In passing a law discouraging the selling of oil blocks,
Uganda has essentially blocked itself from a wide array of investors interested
in prospecting for her oil. No wonder, mid this year when Uganda auctioned new
oil exploration licenses, no small company with a good reputation for skills
and knowledge in exploration showed up. I am informed that only three, most
probably briefcase companies from Nigeria expressed interest in our mighty oil.
Secondly this law is absurd because it essentially means
that one’s investment cost would be treated as revenue and therefore taxed. I
do not know of any investor, except a fake one, who can accept this. All public
officials outside of URA that I have talked to think Uganda’s position borders
on madness.

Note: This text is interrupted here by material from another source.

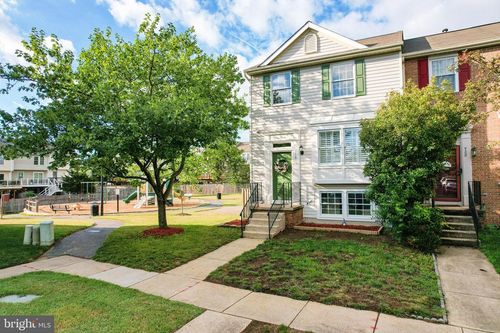 710 Quiet Pond Ct, ODENTON, MD, 21113-2514 | Card Image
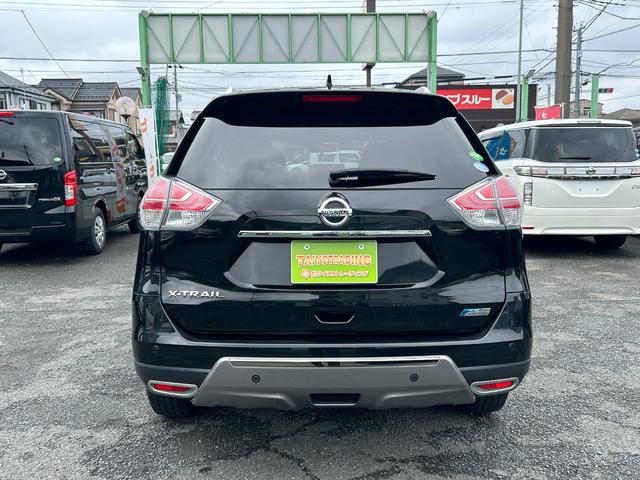 0561411A30241006W00105.jpg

They are not willing to express their views on the matter for fear
of being accused of having been bribed by the oil companies. The fear of
corruption has led to an incredible absurdity – bad policy wins the day.
The reader should not think that the dispute over the $185
million in taxes is actually about a tax likely to be paid tomorrow. This is a
hypothetical tax – that at some future date (it could even be ten years from
now) when CNOOC and Total make a profit, this $617 million will not be
considered a cost when calculating their profit tax. Essentially Uganda has
blocked an investment of anything between $15 and $20 billion, which would also
make our economy double in five years over a hypothetical tax of $185 million
realisable ten years hence. If this is not the height of stupidity, what is it?